# Iambic Pentameter



## The Admiral (Nov 14, 2003)

This one might be a bit challenging.  All posts on this thread must be written in quatrains; sets of 4 lines written in iambic pentameter.  Iambic pentameter is a set of five iambs, and iambs are a pair of syllables (an unstressed syllable followed by a stressed syllable).  The first and third lines of each quatrain must rhyme, and the second and fourth lines must also rhyme.  Here's an example:

Shall I compare thee to a summer's day?
Thou art more lovely and more temperate.
Rough winds do shake the darling buds of May,
And summer's lease hath all too short a date.
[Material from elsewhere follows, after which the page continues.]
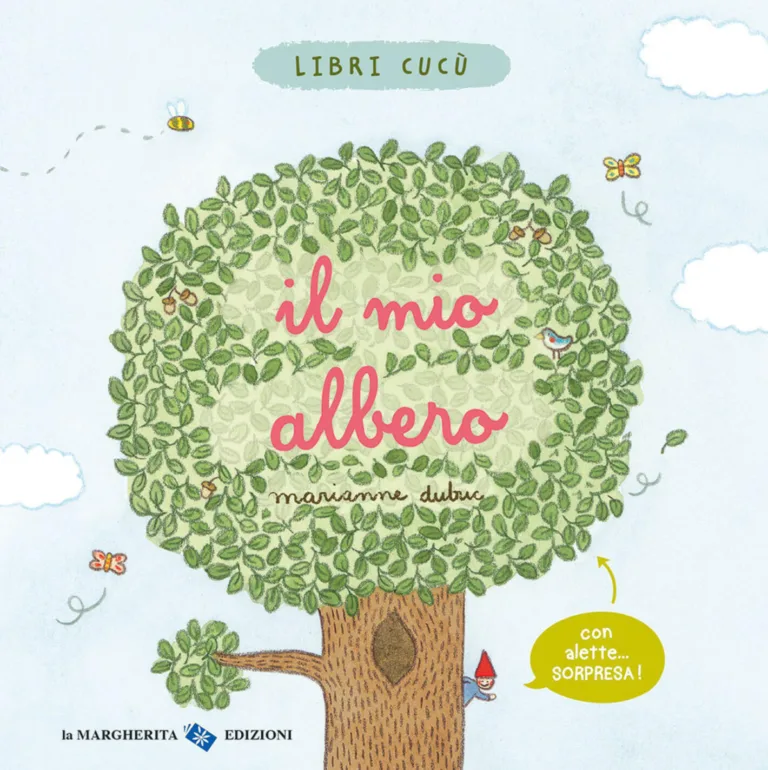 Il mio albero. Libri cucù.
I'm too lazy/busy to start off (I really am doing something else at the moment), but I thought I'd post this now since it was on my mind and so that anyone who wanted to would have more time to respond.  *shrug*


----------



## Monkey_Man (Nov 16, 2003)

How are you on this fine autumn day?
The leaves drift downward as rain from the trees, 
The children outside, they yell and play,
Of course, I spend my day eating cheddar cheese.


----------



## Beatrice Boyle (Nov 17, 2003)

The day is done and I have earned my rest
The Battle's won, I'm laying down my sword
I'm praying lord, that I have done my best
I'm going home to you, that's my reward


----------